--- YOUR GOAL ---
Please return the full listing word for word, leaving out any pictures.

--- PROVIDED RECORDS ---
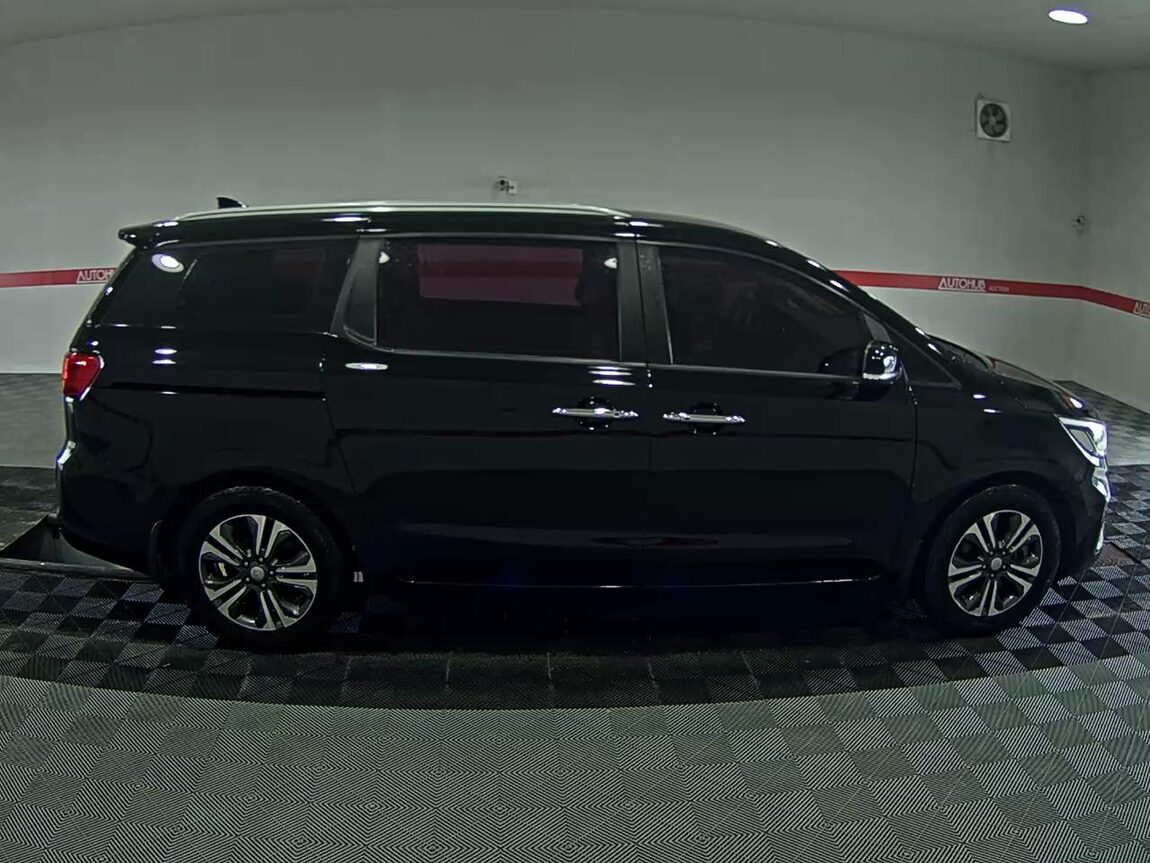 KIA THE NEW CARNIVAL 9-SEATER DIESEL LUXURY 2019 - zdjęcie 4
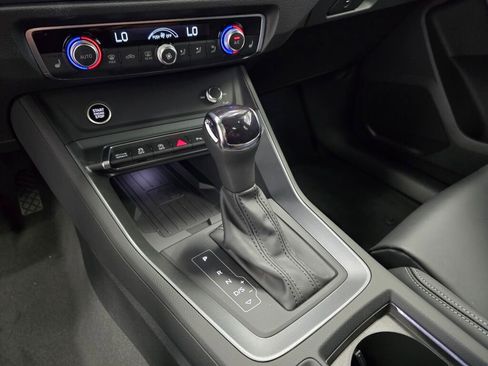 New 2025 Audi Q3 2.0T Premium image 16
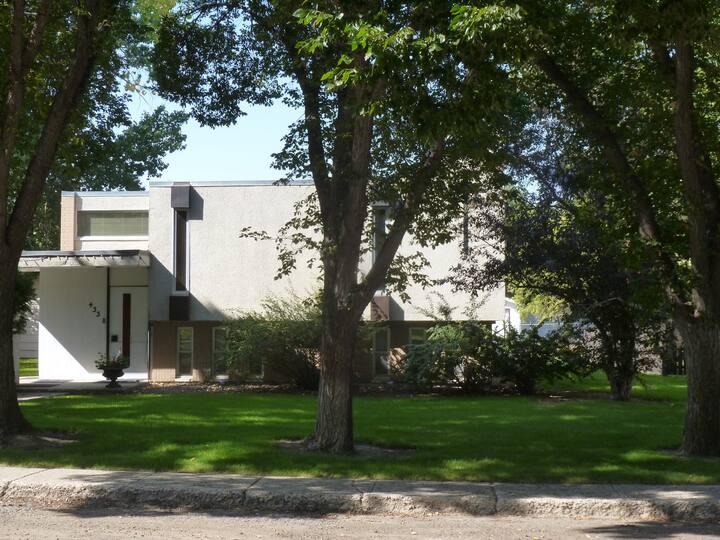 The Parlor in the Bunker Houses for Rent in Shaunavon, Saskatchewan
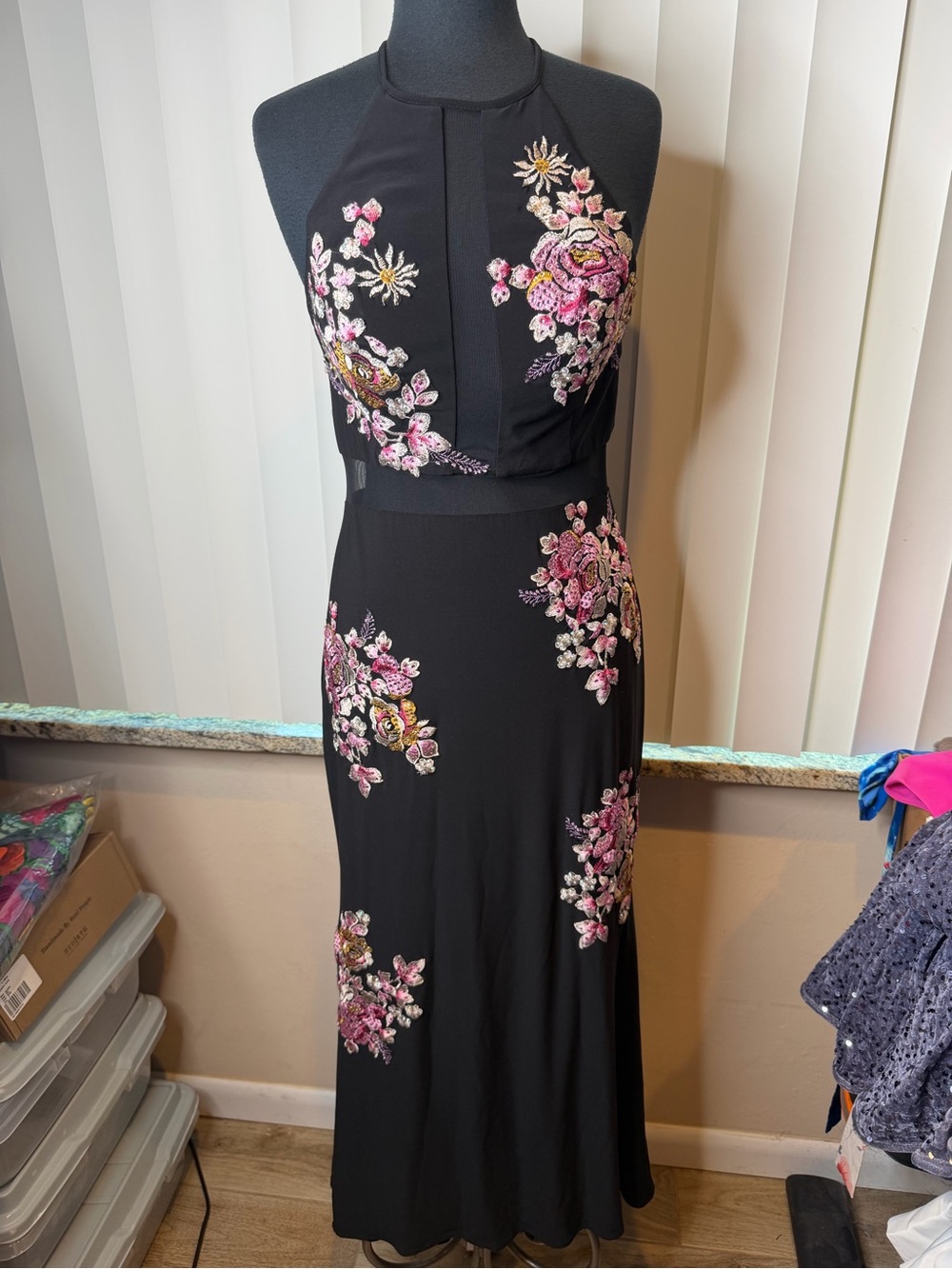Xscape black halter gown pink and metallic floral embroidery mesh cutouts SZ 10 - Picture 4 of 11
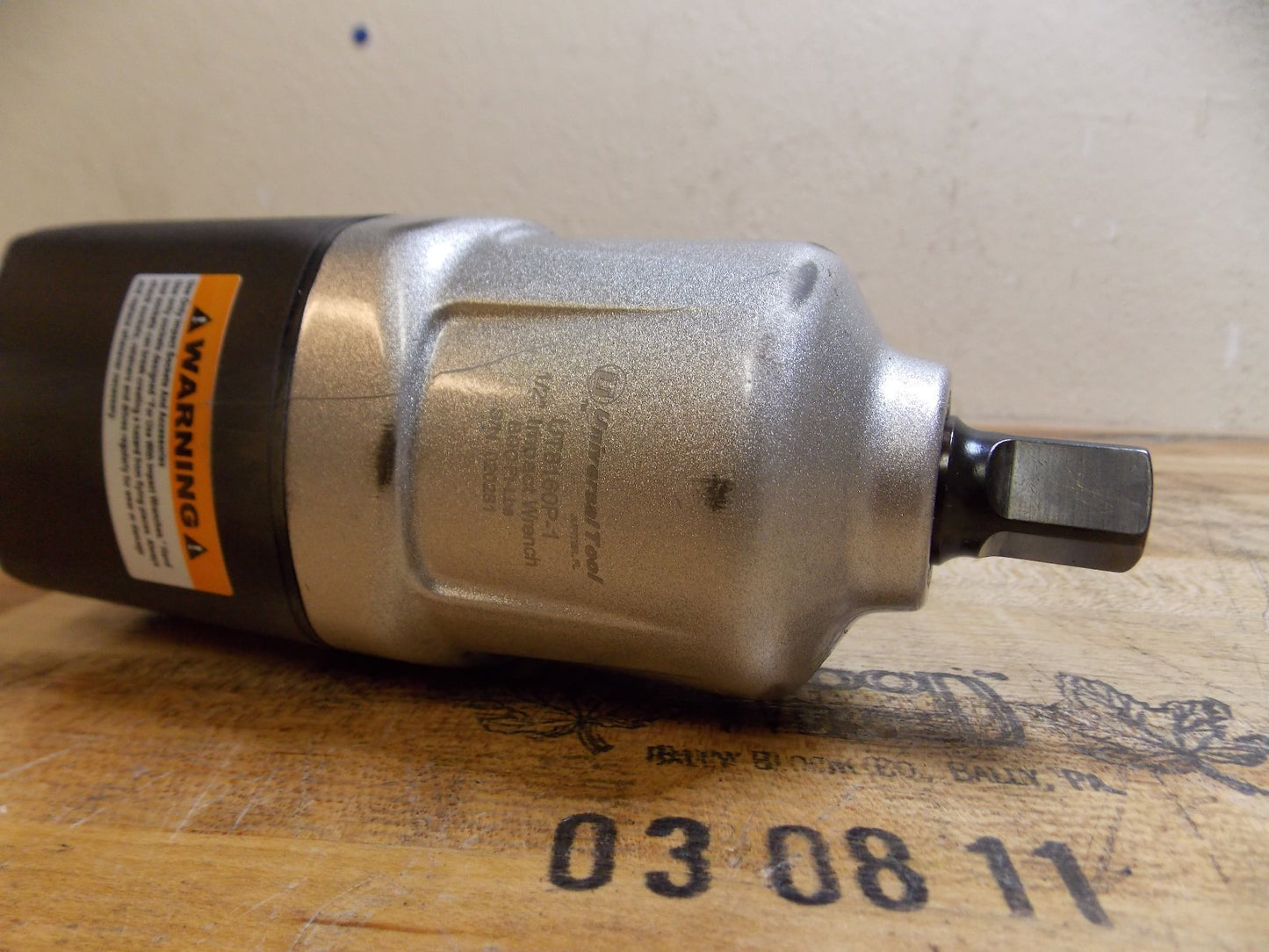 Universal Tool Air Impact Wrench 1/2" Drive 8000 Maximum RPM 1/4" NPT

--- RESULT BELOW ---
 KIA THE NEW CARNIVAL 9-SEATER DIESEL LUXURY 2019 - zdjęcie 4
 New 2025 Audi Q3 2.0T Premium image 16
 The Parlor in the Bunker Houses for Rent in Shaunavon, Saskatchewan
Xscape black halter gown pink and metallic floral embroidery mesh cutouts SZ 10 - Picture 4 of 11
 Universal Tool Air Impact Wrench 1/2" Drive 8000 Maximum RPM 1/4" NPT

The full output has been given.